Output from running Test Image 1:
Akakhagagha icachajajha ITaThaiDaDha auyiyI utathodaudha UpaphAbabha Rn-an~aNanama Lyiralava eshaSesaha aiyayai oyoyau auyiyI mIgasedhaNabha cagakaDa yalashathaucho jaTighaThoya okhagINaDa dhabhAyamoralashajhi chAcaSahilana RRditauDhaDaja Uthashavamabhayapo phadhan-achaitaNa Ajain~araucaTabhayaphadhavItaDha DisahavApabho Tajhajauchagakhakoga

On Test Image 2, the program performed recognition flawlessly on 90% of the lines. For the fourth line from the bottom, beginning with “ahakhi…,” the program outputted only an extra space and “ri.” I have not had the time to uncover why this difficulty occurred. There were also some issues with vowels followed by the characters for “n-“ or “D.” How I was outputting these characters caused Matlab to group characters together, causing the dimensions of the output character array to be incorrect. I was not able to remedy this, but why debugging it appeared the program identified the characters correctly nonetheless, even if the output could not be property represented.
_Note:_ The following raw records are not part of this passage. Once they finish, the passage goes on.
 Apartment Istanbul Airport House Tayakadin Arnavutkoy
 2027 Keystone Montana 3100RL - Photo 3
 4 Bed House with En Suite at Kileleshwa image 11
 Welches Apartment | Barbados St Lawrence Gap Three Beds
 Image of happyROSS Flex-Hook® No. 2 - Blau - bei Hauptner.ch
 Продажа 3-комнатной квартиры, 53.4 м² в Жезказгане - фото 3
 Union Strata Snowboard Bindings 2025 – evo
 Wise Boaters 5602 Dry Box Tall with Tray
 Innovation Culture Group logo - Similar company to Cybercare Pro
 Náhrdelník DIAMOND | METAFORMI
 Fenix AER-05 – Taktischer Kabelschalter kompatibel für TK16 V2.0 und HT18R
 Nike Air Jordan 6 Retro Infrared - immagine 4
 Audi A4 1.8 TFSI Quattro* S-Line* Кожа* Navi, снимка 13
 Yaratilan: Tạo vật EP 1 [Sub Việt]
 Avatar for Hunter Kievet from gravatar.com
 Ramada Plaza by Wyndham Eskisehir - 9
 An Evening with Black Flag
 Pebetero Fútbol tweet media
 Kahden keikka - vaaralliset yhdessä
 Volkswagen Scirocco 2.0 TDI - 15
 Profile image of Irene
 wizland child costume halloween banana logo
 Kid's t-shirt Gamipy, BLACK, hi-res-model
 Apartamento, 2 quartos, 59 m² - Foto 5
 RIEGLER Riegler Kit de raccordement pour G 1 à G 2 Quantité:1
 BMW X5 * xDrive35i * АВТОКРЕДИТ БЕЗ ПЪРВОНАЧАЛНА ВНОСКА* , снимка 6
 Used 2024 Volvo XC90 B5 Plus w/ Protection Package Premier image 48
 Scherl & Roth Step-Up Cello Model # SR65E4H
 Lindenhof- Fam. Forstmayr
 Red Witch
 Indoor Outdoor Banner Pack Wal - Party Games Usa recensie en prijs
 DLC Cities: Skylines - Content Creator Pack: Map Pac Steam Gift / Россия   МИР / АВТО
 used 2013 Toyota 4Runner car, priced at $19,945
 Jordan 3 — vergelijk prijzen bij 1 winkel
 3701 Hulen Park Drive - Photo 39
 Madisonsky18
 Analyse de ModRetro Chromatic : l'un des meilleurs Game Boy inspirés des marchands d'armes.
Output from running Test Image 2:
akAkhaugI Agoghain-a cachAjaujhan~aiTa ItIthodadhanapiphabibhama ucachAja UpIpha R LNatetha RRshaSai ethida aiseha on~aTauTha aumiyerAla kacan-oghAga AphipInAdhodai An~IjhAghegaikha ishivaira IhasiSashauva ubhIbAphepau UshadathotaNaDha Rcin-agha Lmobhaba eponadha airAyAmI RRtiNauDhiDa RRghashan-avocAchoyai ri Acarichauyaijimaijha niDhadhakeha iyojAmojhabhen~a aiDhadhaNadata ITaphaThepan-ina Ln-ivaicarIcha un~AbaTiphITha Un-aivAshacara Rhakhesoga

Both Test Image 1 and Test Image 2 are 24 point font. When I tried a more standard 12 point font with the same templates as those applied to the two Test Images, the program performed similarly but some characters that are similar in Devanagari, such as “p” and “sh,” “n-“ and “D” were confused.